One of the most misunderstood topics in statistics is confidence intervals, nevertheless, we will try to break this topic into pieces and understand it thoroughly. In this section, we will be covering mainly the conceptual aspects of confidence intervals before we deep dive into mathematical calculation part in our next post.
Why do we require a confidence interval
Answer is ESTIMATION – ‘Because we cannot cover the entire population to get an understanding of its characteristics, we usually draw a representative sample and estimate the characteristics of population based on the sample characteristics. Such estimation is associated with certain amount of uncertainty which leads to the concept of confidence intervals’.
Let us take a classical example; suppose, we want to calculate the average height of all children belonging to a particular age group (8 to 10 years) in the state of Texas.
It would be practically not feasible to calculate the height of all children, so, we do random sampling from the population and calculate the sample statistics from which we try to infer about the entire population. Here the ‘population’ is all children in Texas in the age group of 8 to 10 years.
Population parameter and Sample statistic
Let us take a look at what the terms sample statistic and population parameter imply. Sample statistic is a measure of a characteristic calculated from sample data while the population parameter is a measure of characteristic calculated from the data on entire population. Population parameter is a fixed one for a particular characteristic while sample statistic may vary across samples and depends on a variety of factors.
In our example, suppose a sample of 300 children is taken and the average height calculated comes out to be ‘x’ inches. Precisely calculating the average height of population is not possible just by looking at this number ‘x’ inches (from sample data). Hence, we tend to specify confidence level as well as confidence interval range to provide an idea on the average height of entire population.
Confidence interval is a range of values associated with a particular confidence level.
For example, we can specify the confidence interval range as (x-a) inches to (x+a) inches for average height of population with 90% confidence levels. Usually, in experiments, 90%, 95% or even 99% confidence levels and corresponding confidence intervals are used. However, one can use any confidence level and confidence interval range based on the requirement and fit.

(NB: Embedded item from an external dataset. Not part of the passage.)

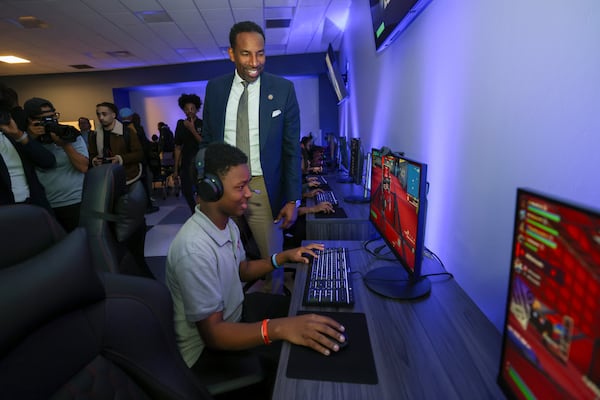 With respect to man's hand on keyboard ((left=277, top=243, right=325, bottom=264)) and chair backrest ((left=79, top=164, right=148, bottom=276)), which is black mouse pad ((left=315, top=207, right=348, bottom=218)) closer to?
man's hand on keyboard ((left=277, top=243, right=325, bottom=264))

Confidence interval – Range of values covering either side of sample statistic.
90% confidence level – If samples are drawn repeatedly from population and the corresponding confidence interval range is calculated for 90% confidence level, then, in 90% of these individual confidence interval ranges we can find the actual population parameter. We tend to avoid the word probability here as it may confuse the reader.
In our example, we take sample of 300 children calculate the 90% confidence interval range for sample and see if the actual average height of population falls in this range. If this process of drawing sample and calculating 90% interval range is repeated 100 times then there is a chance that in 90 of these cases the actual population parameter falls in the ranges calculated.
Confidence interval and probability
Can we specify that for 90% confidence interval, there is 90% probability that the actual population parameter falls in the calculated confidence interval range from a single sample? The answer is debatable and many experts answer it as ‘No’. This is mainly because; the actual population parameter is a fixed value and whether it falls or doesn’t fall in the calculated range is Either YES or NO. Hence, specifying the confidence level as probability is not a good idea.
Although, this could be argued and debated, in my personal opinion, it is reasonable to assume that ‘confidence level implies probability of population parameter falling in the calculated range’. The reason is, in most of the practical cases we do sampling only once and try to estimate the population. Hence, the range arrived from this sampling holds little importance if it does not imply anything on the chance of population parameter falling inside it.
We leave this article with few questions to ponder that we try to answer mathematically in our next post.
What if one sample is significantly different from another one? Will the estimated confidence interval ranges from both these samples contain the population parameter with same level of confidence?
What if the values in the population are highly scattered? (High standard deviation of population)
What is the effect of sample size in this exercise? One could take 300 children while another may take 700 children in the sample!